Items listed in a dataset
——————
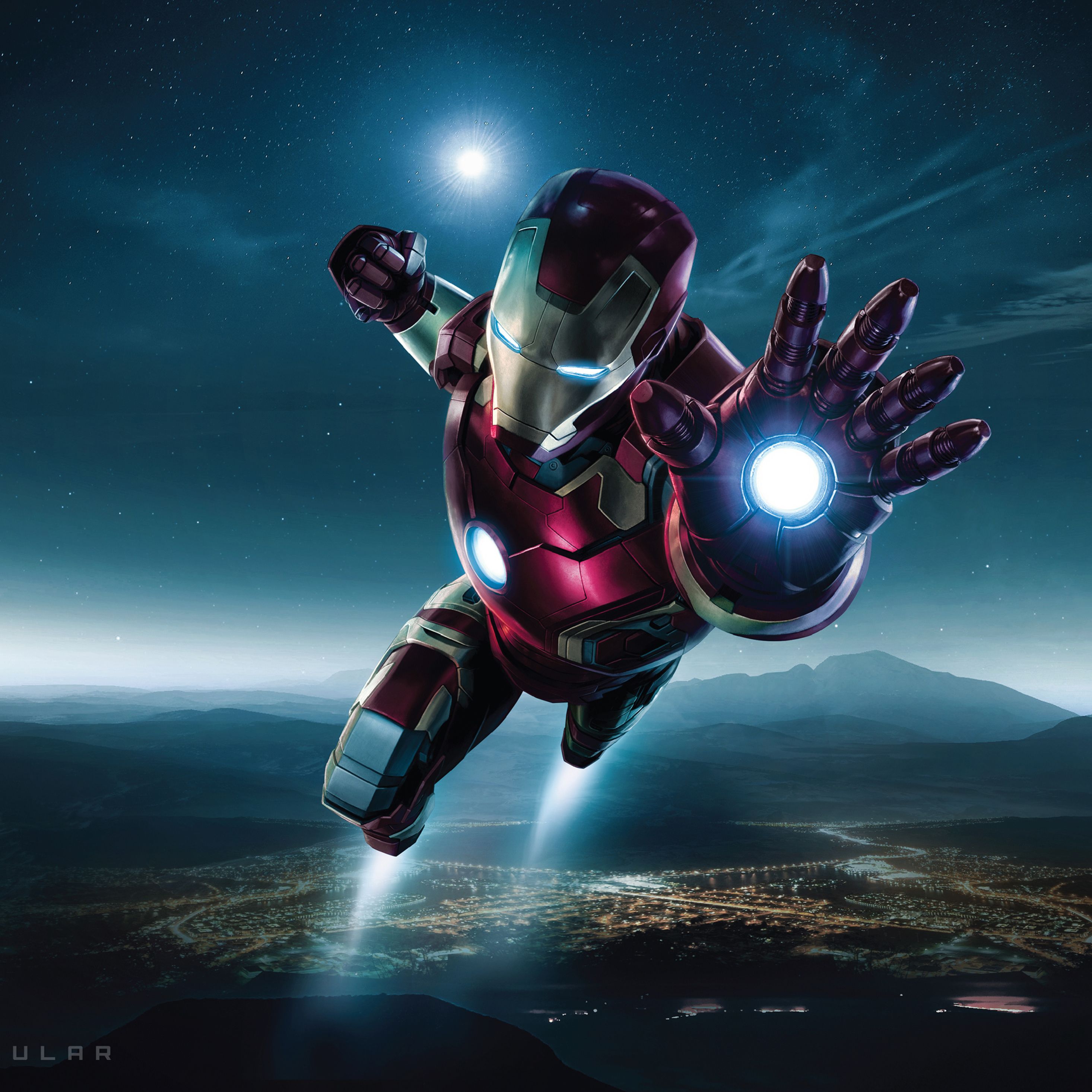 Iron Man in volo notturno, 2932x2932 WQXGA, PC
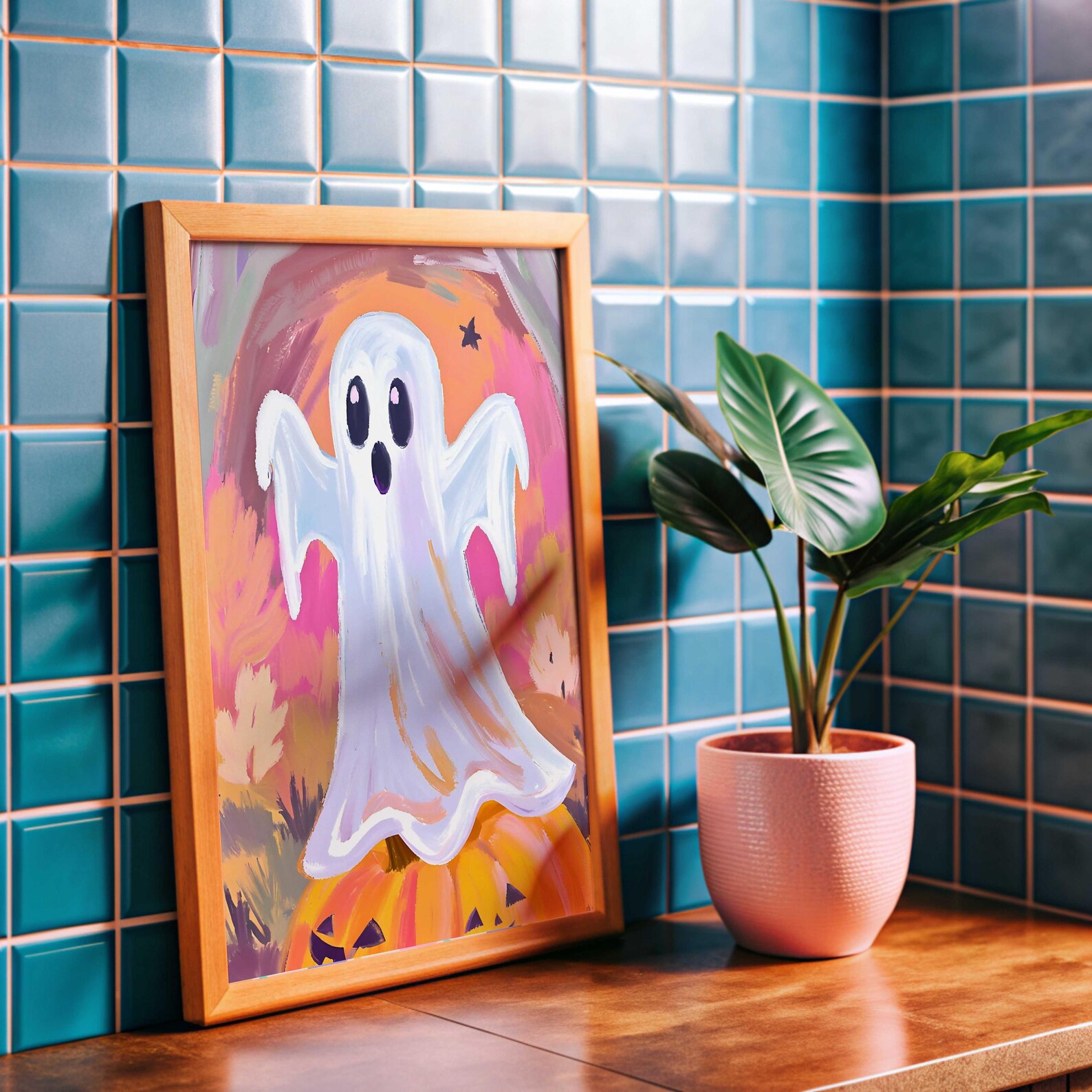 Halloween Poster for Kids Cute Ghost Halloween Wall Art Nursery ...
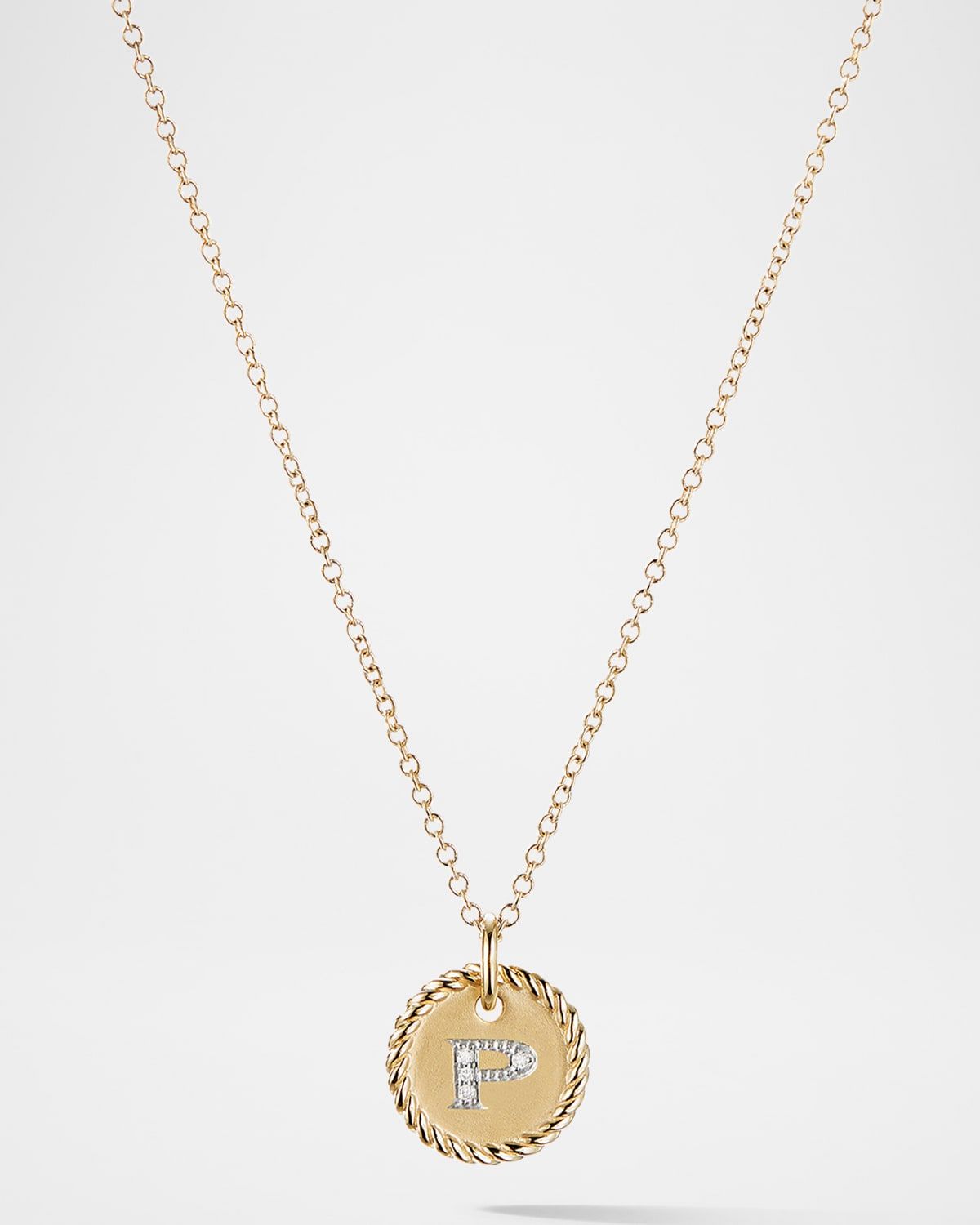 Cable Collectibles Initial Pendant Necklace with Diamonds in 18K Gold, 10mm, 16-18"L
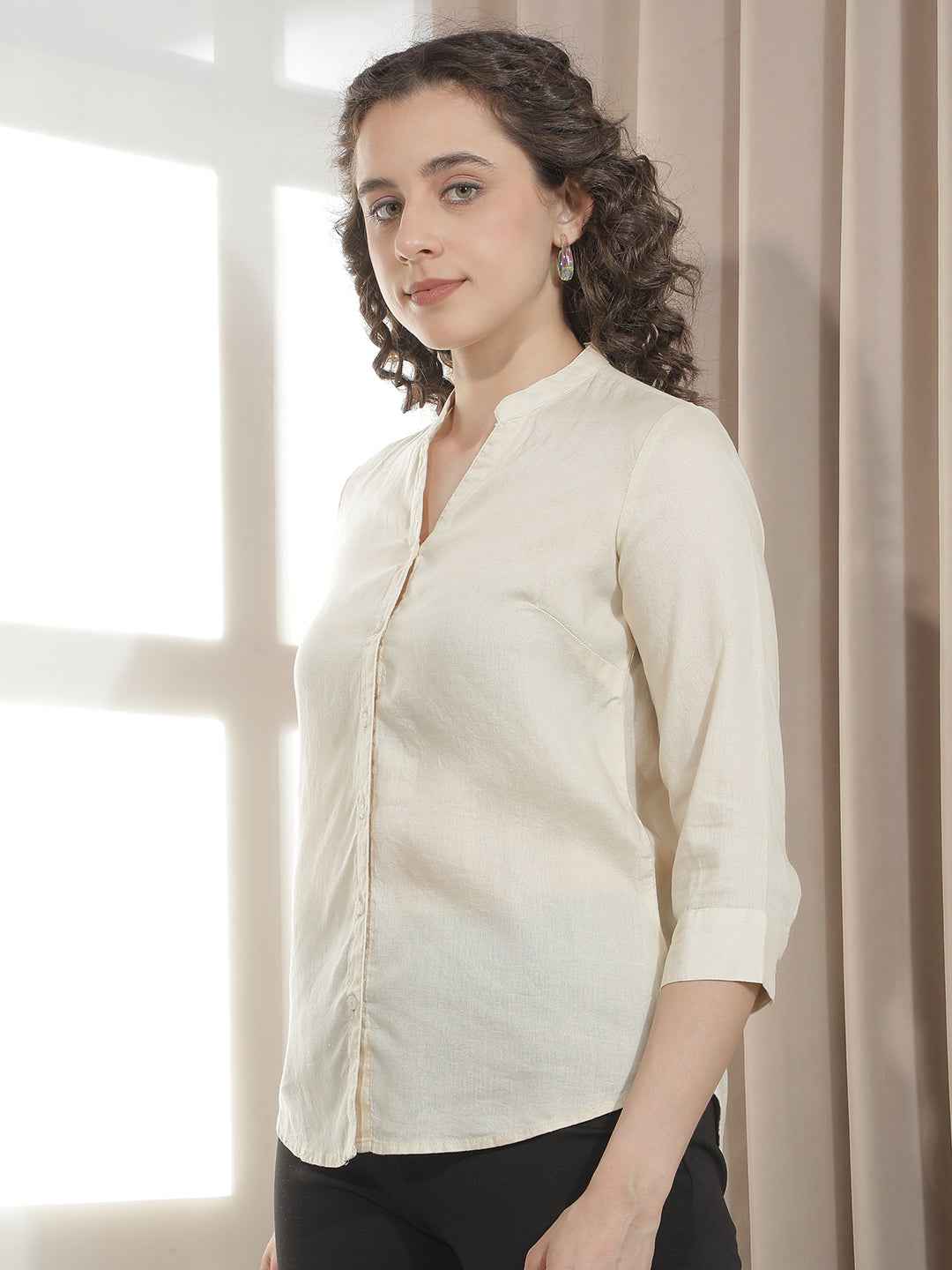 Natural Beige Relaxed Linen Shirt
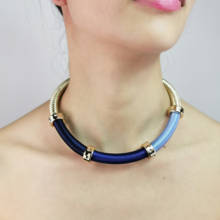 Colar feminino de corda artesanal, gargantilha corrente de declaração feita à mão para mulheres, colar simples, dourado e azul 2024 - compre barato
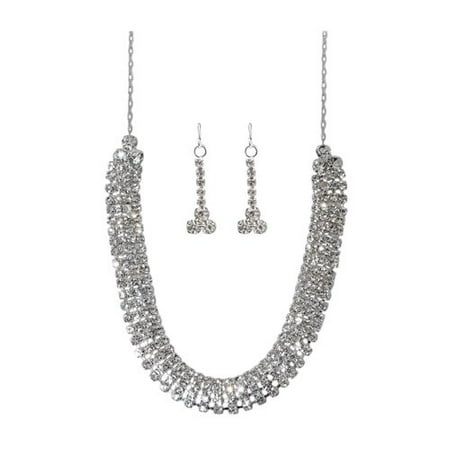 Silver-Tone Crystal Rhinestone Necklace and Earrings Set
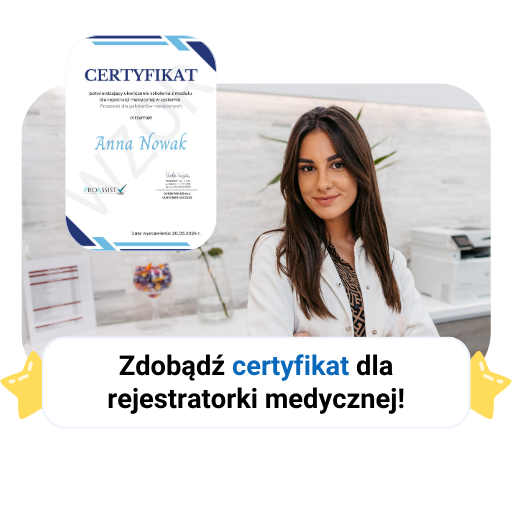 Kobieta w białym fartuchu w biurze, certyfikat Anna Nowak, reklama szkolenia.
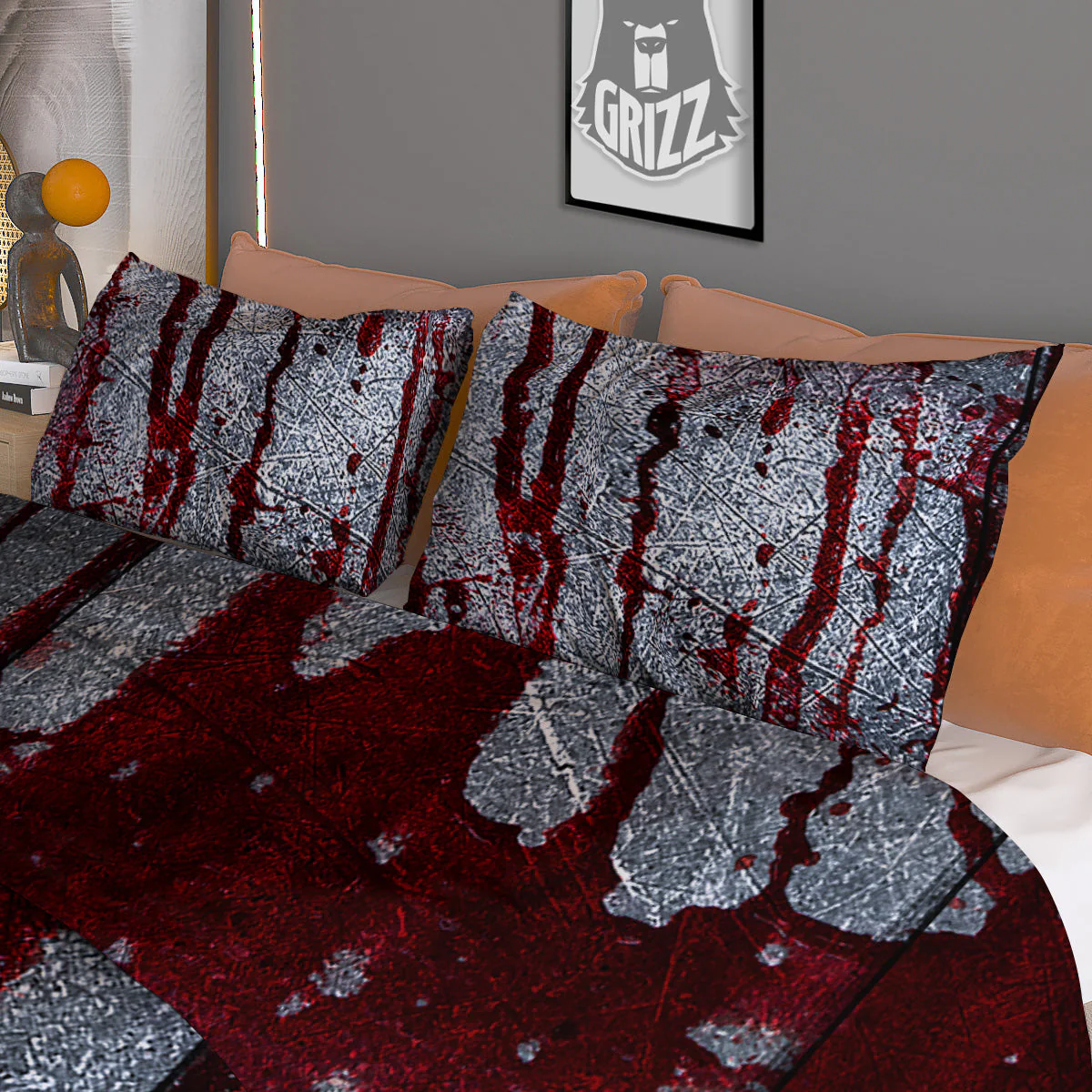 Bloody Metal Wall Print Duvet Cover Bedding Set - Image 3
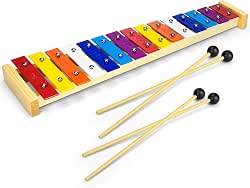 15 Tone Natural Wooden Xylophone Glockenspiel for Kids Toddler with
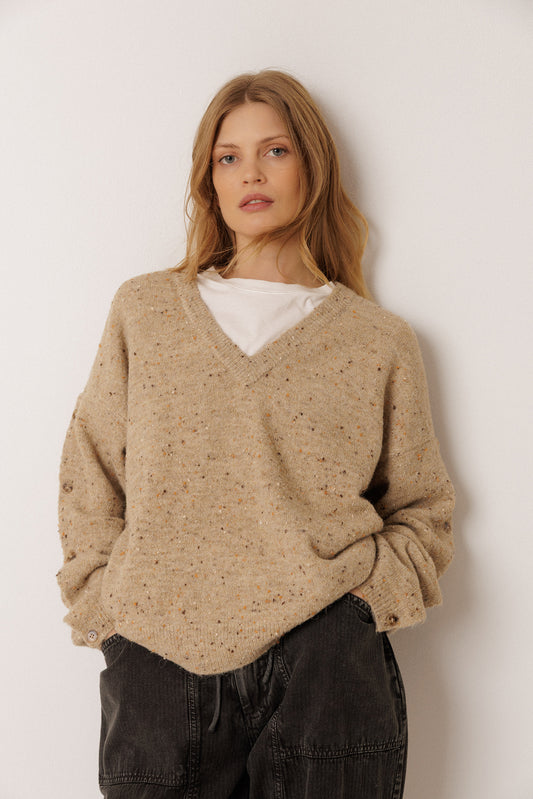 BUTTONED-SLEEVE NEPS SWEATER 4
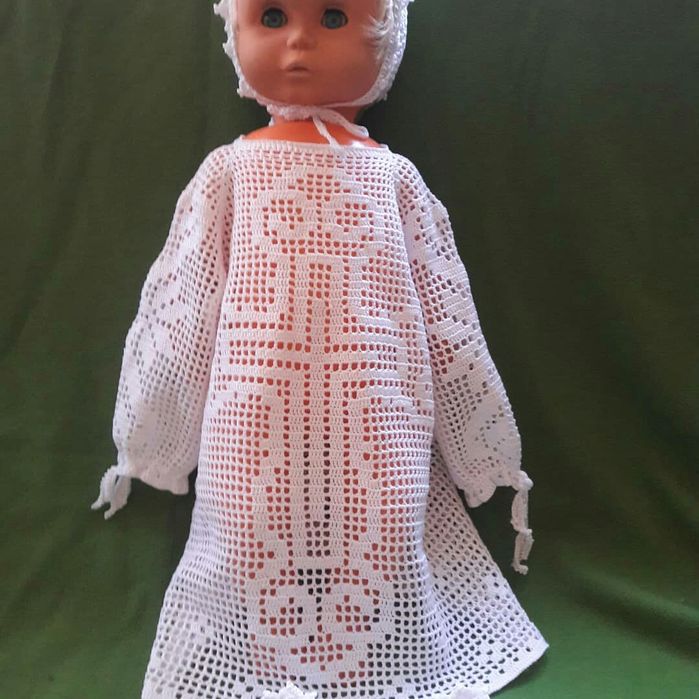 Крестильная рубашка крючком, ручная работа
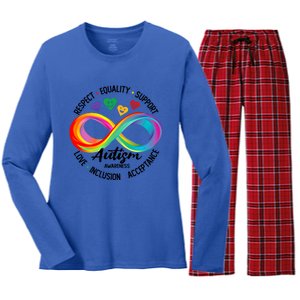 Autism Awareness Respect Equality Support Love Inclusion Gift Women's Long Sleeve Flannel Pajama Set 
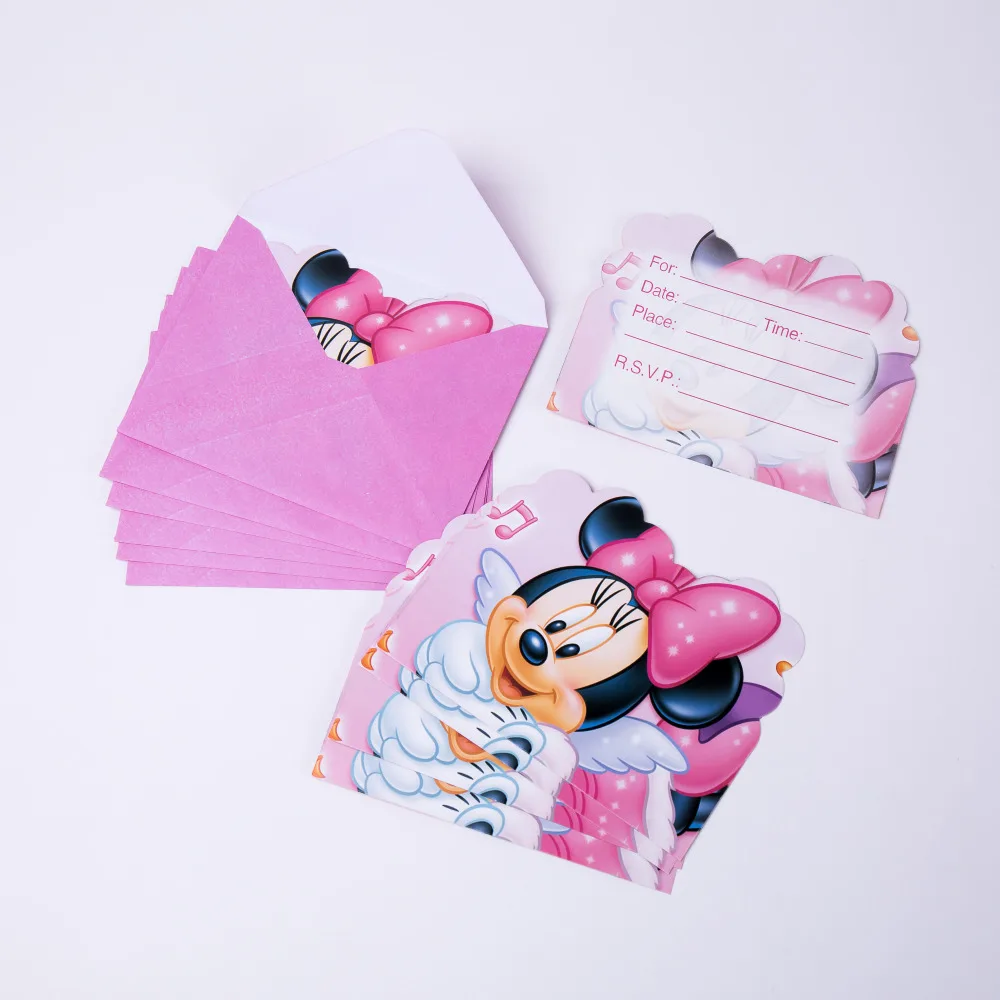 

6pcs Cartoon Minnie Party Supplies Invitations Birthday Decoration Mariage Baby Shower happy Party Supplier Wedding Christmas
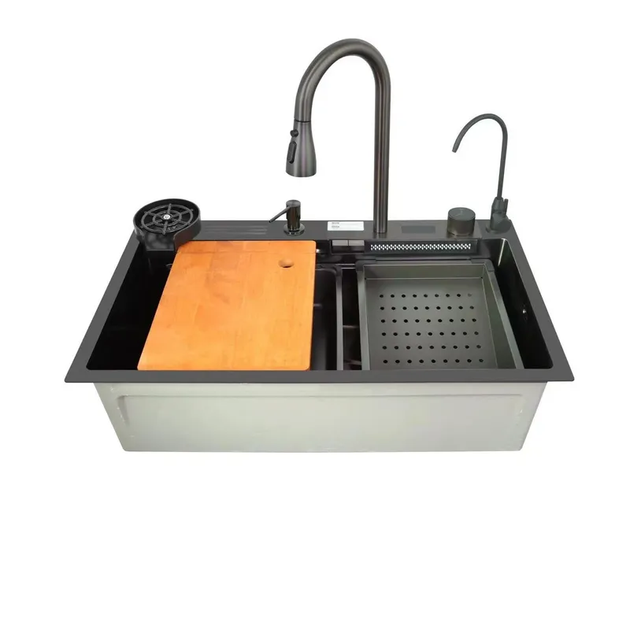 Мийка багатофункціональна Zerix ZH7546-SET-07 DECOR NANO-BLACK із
——————
### TASK INSTRUCTIONS
Among the entries above, copy exactly the stretch from the line holding "Крестильная рубашка крючком, ручная работа" through the line holding "6pcs Cartoon Minnie", leaving out any pictures.

### FINISHED TASK
 Крестильная рубашка крючком, ручная работа
 Autism Awareness Respect Equality Support Love Inclusion Gift Women's Long Sleeve Flannel Pajama Set 

6pcs Cartoon Minnie Party Supplies Invitations Birthday Decoration Mariage Baby Shower happy Party Supplier Wedding Christmas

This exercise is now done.